JSA has numerous clients who utilize personality assessments in their internal process. Their use ranges from having the candidate complete a simple form (DISC, Briggs-Meyers, Caliper, or the Cleaver Profile) to having the candidate meet face-to-face with an assessment and development professional. The latter method can be expensive and is primarily used for senior level executive placements.
The purpose of this article is to offer some things to think about if you are considering adding this tool to your evaluation process, or if you are evaluating your current testing methods and looking for alternatives. Here are some things to keep in mind:
- Make sure they’re legal. We were surprised to learn in our research that the EEOC does not automatically accept the results from all standardized tests as non-discriminatory. Hiring a professional firm will mitigate this risk but, as noted earlier, can be very expensive. How the test is created, its intended purpose and how you administer the results are all areas that may be challenged if the test is used as a reason for hiring or not hiring the candidate.
- Choose the test that measures what you need. Some companies ask every prospective candidate to complete the exact same assessment questionnaire. Our observation is that the company then either does not fully utilize the test results or they use the results to help predict if there is a good personality fit with the rest of the Team. JSA has seen this used very effectively early in the evaluation process by a small firm (less than 100 employees) to quickly eliminate candidates that would not be a good “fit”. However, in doing so it also could eliminate some well-qualified candidates just because of the way they elected to answer a series of questions. This leads us to our 3rd point to keep in mind.
- Be aware of the limits of the test you are using. Reputable tests can identify personality traits however none can actually predict whether a person will succeed in a job. Management style (theirs and yours), corporate culture, previous experience and training all have a huge impact on the future success of a candidate.
Since our firm fills various senior level positions for a wide variety of clients in the heavy equipment industry, we continue to believe that using one standardized test to assess candidate potential and organizational “fit” is not a good tool for us. As we have highlighted in past articles for this magazine, the most important foundation for hiring the right candidate starts with development of an accurate and comprehensive job description. The position spec identifies company values and character traits that are required for each specific role.
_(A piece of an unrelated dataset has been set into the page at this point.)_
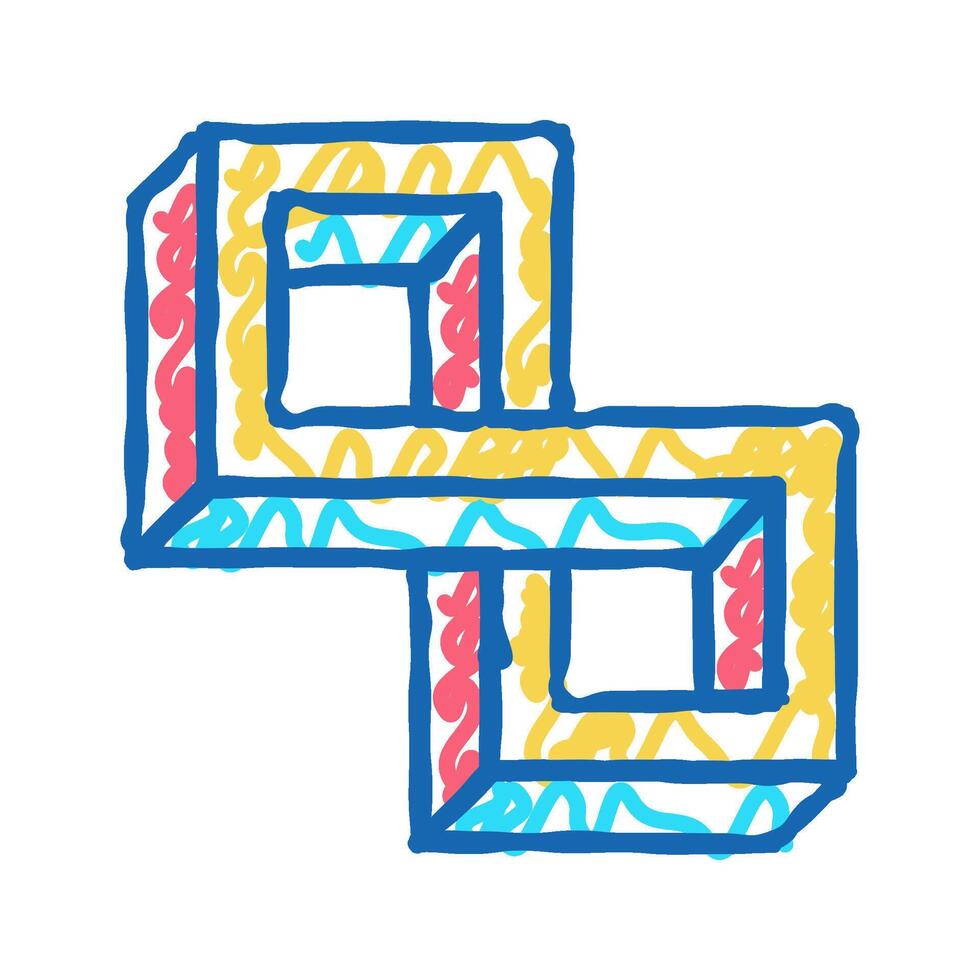 optical impossible geometric shape icon doodle illustration vector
Interview questions and reference questions can then be honed to evaluate how a candidate will “fit” and how his or her experience will contribute in this new role.
We have no doubt that a standardized testing process, which is properly understood and accurately administered is a valuable tool that should be considered. However, it should be only one of many tools in your process and should not displace the face-to-face interview complete with questions designed to validate your initial “gut feel” about each finalist candidate you meet.